[[ DATA SECTION open ]]

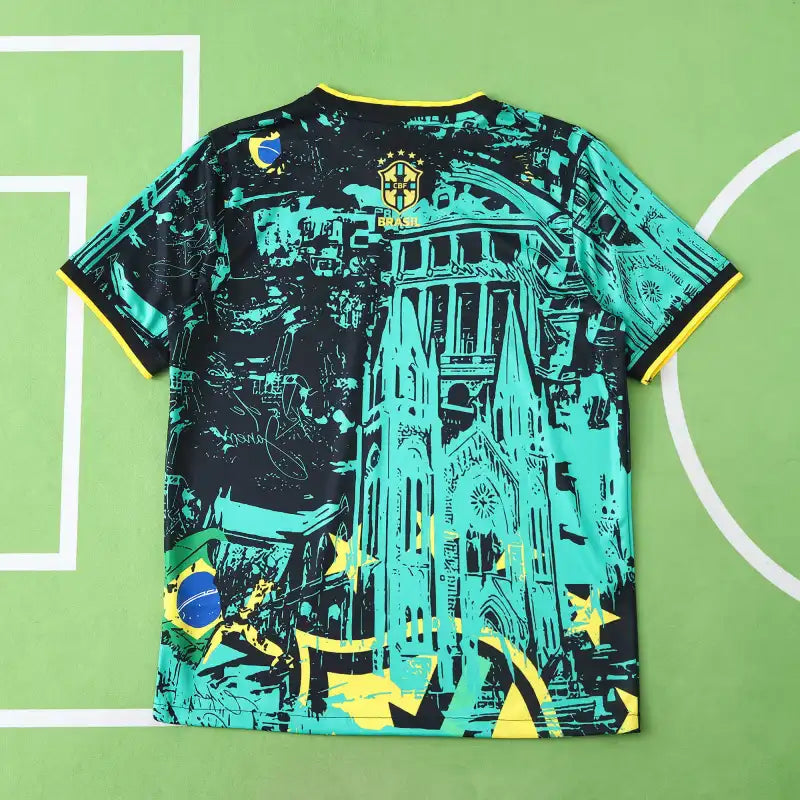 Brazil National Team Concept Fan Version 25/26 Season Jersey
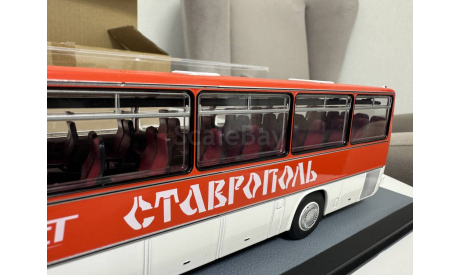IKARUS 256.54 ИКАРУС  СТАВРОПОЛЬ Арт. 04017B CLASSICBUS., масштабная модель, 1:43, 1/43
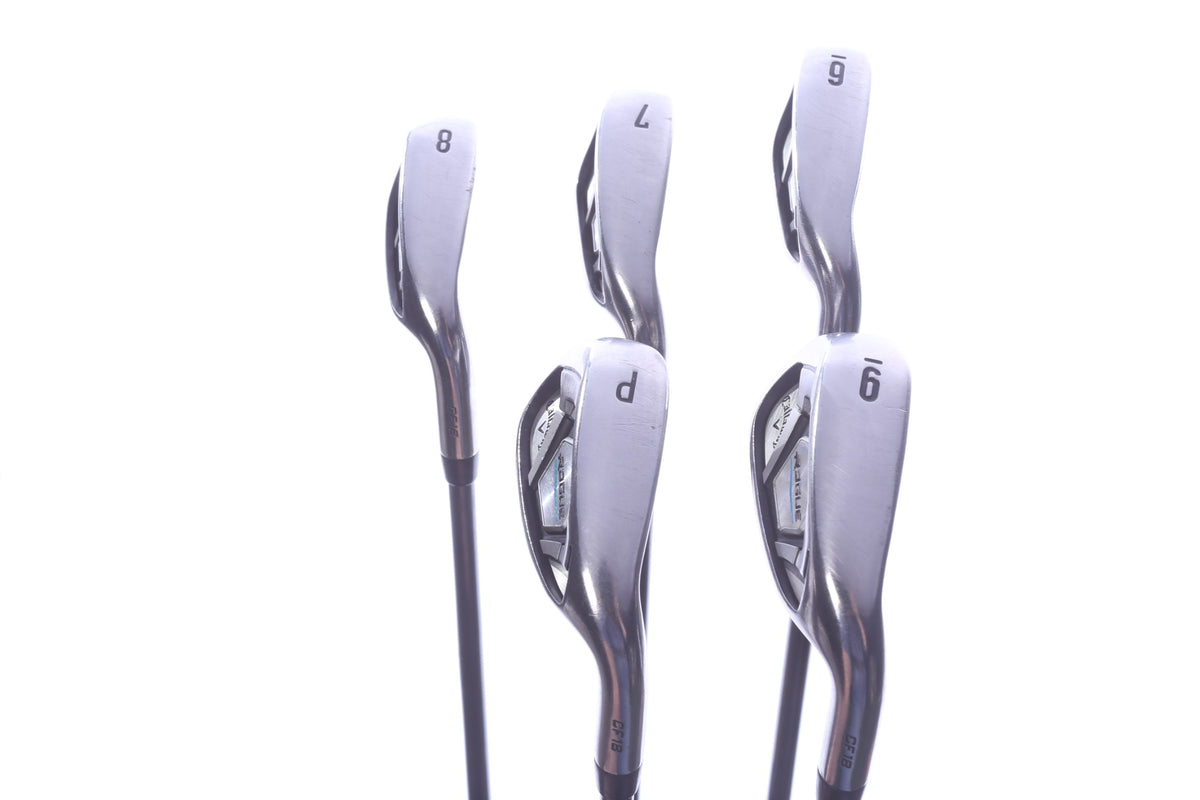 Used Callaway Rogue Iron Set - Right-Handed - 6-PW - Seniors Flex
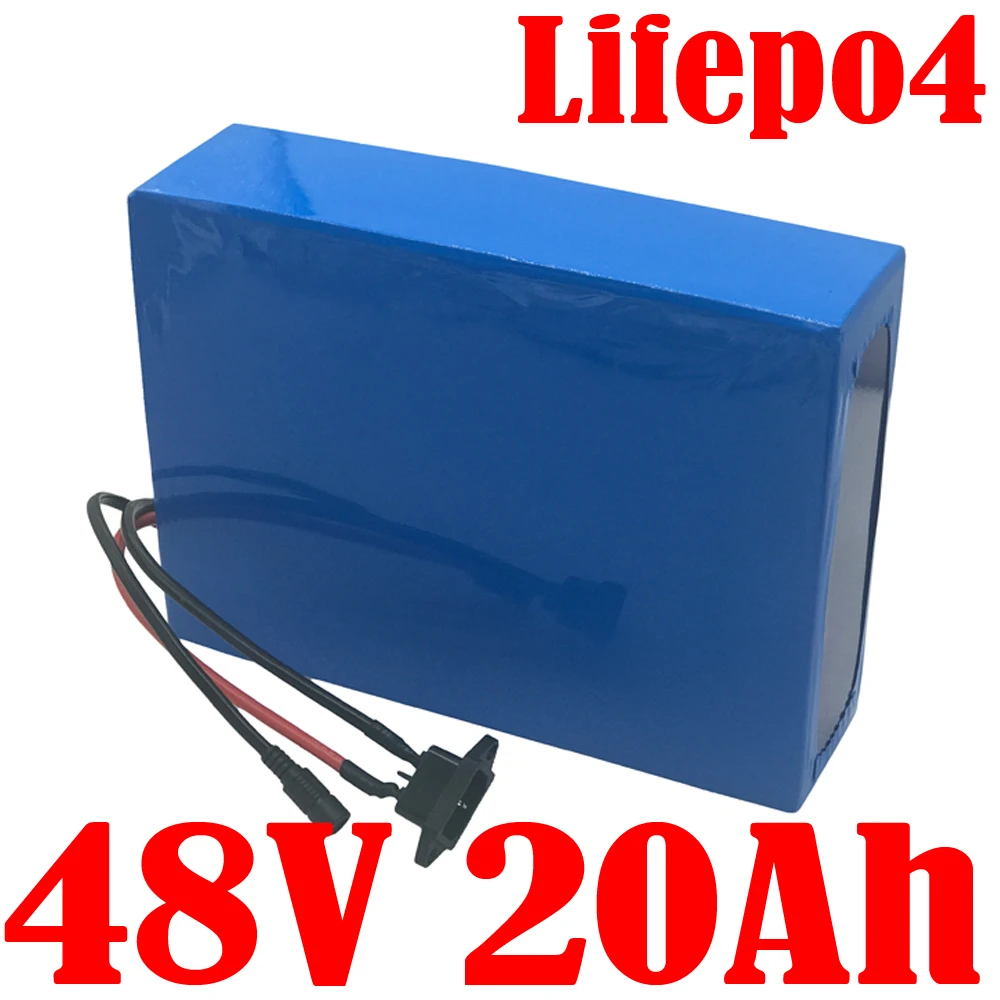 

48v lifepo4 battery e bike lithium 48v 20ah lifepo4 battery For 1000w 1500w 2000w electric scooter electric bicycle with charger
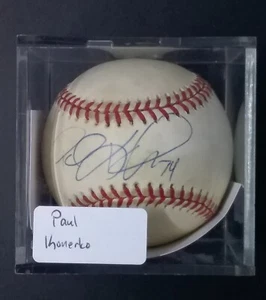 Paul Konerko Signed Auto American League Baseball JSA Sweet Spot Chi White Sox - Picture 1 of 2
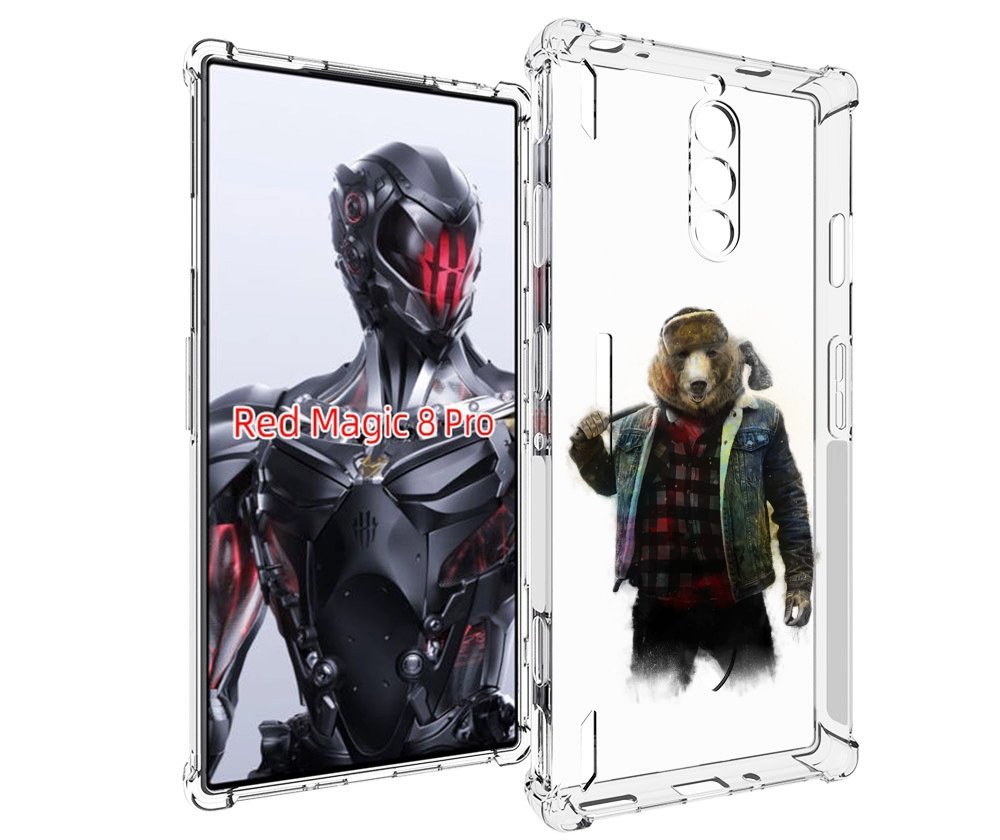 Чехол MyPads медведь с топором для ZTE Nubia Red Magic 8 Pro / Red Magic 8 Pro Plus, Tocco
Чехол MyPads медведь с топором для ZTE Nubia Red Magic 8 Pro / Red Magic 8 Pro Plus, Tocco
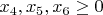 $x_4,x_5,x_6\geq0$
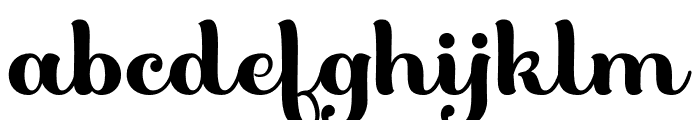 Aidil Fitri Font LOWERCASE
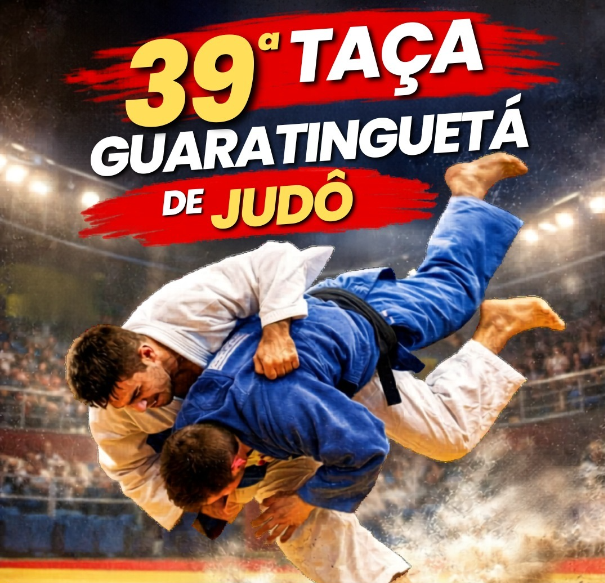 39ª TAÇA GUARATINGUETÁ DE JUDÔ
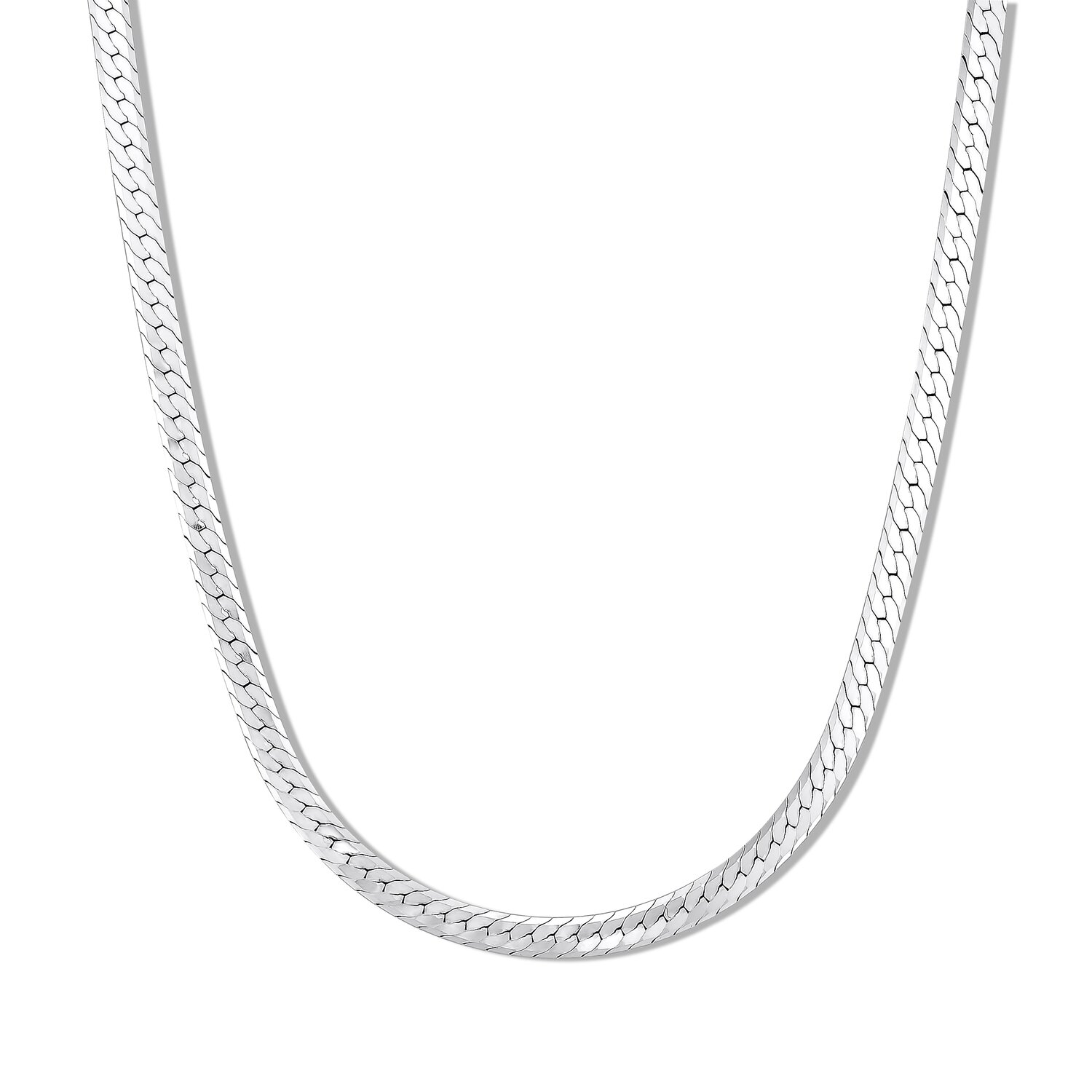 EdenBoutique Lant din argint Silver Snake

[[ DATA SECTION closed ]]

> PROBLEM DESCRIPTION
From the first line to the last, copy the records exactly and skip the pictures.

> ANSWER FOR THIS EXERCISE
 Brazil National Team Concept Fan Version 25/26 Season Jersey
IKARUS 256.54 ИКАРУС  СТАВРОПОЛЬ Арт. 04017B CLASSICBUS., масштабная модель, 1:43, 1/43
 Used Callaway Rogue Iron Set - Right-Handed - 6-PW - Seniors Flex

48v lifepo4 battery e bike lithium 48v 20ah lifepo4 battery For 1000w 1500w 2000w electric scooter electric bicycle with charger
 Paul Konerko Signed Auto American League Baseball JSA Sweet Spot Chi White Sox - Picture 1 of 2
 Чехол MyPads медведь с топором для ZTE Nubia Red Magic 8 Pro / Red Magic 8 Pro Plus, Tocco
Чехол MyPads медведь с топором для ZTE Nubia Red Magic 8 Pro / Red Magic 8 Pro Plus, Tocco
 $x_4,x_5,x_6\geq0$
 Aidil Fitri Font LOWERCASE
 39ª TAÇA GUARATINGUETÁ DE JUDÔ
 EdenBoutique Lant din argint Silver Snake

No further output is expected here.